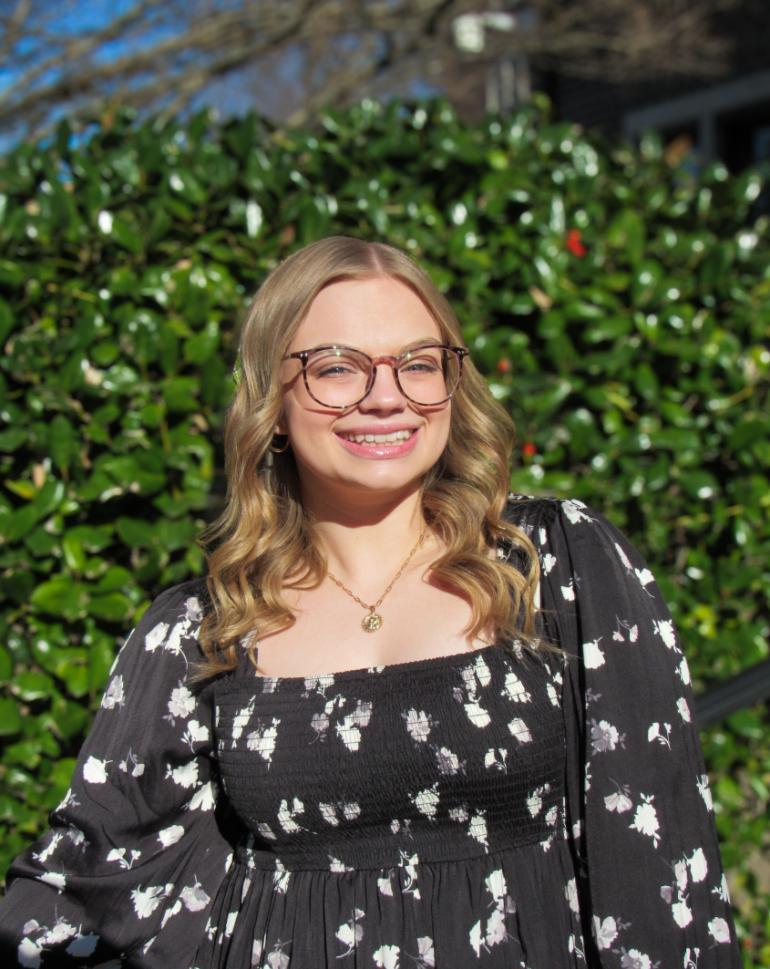 Professional headshot of Paige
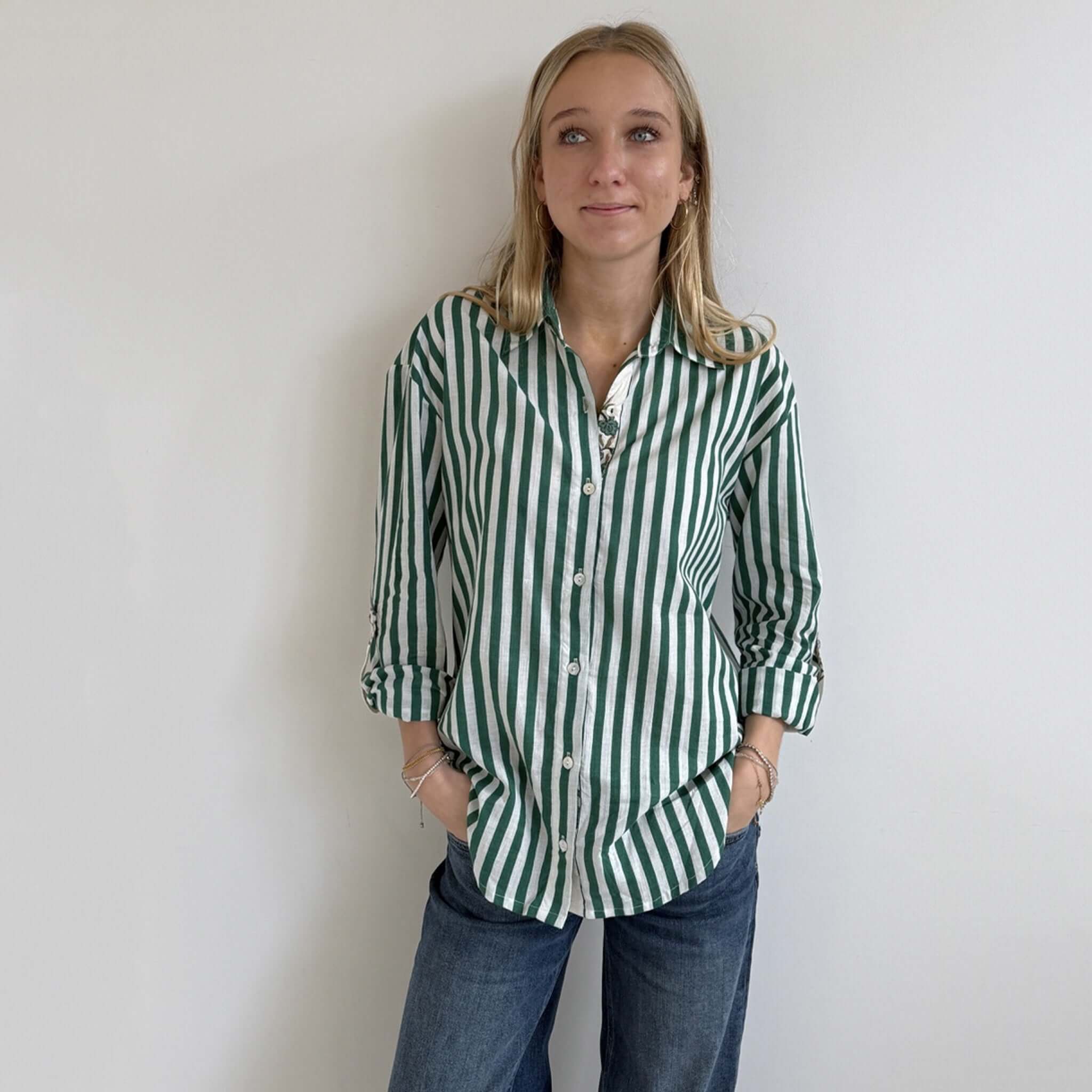 Art In My Wardrobe Annie Shirt - Green being worn, featuring bold green and white stripes, floral details, and casual styling.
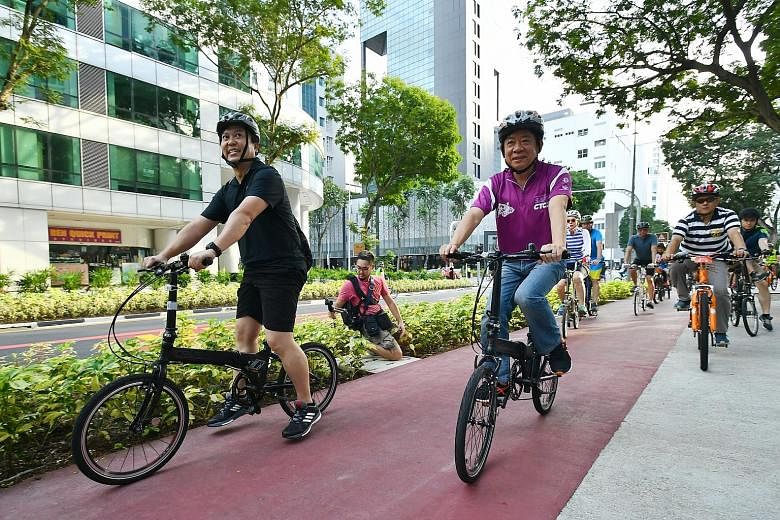 Coordinating Minister for Infrastructure and Minister for Transport Khaw Boon Wan using a dedicated cycling path at the launch of the revitalised Bencoolen Street yesterday.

━━━

**Problem description**
Set down exactly, from the line that contains "Art In My Wardrobe" through the last line of the data, each line as it stands, and leave the pictures out.

**Answer to the exercise**
 Art In My Wardrobe Annie Shirt - Green being worn, featuring bold green and white stripes, floral details, and casual styling.
 Coordinating Minister for Infrastructure and Minister for Transport Khaw Boon Wan using a dedicated cycling path at the launch of the revitalised Bencoolen Street yesterday.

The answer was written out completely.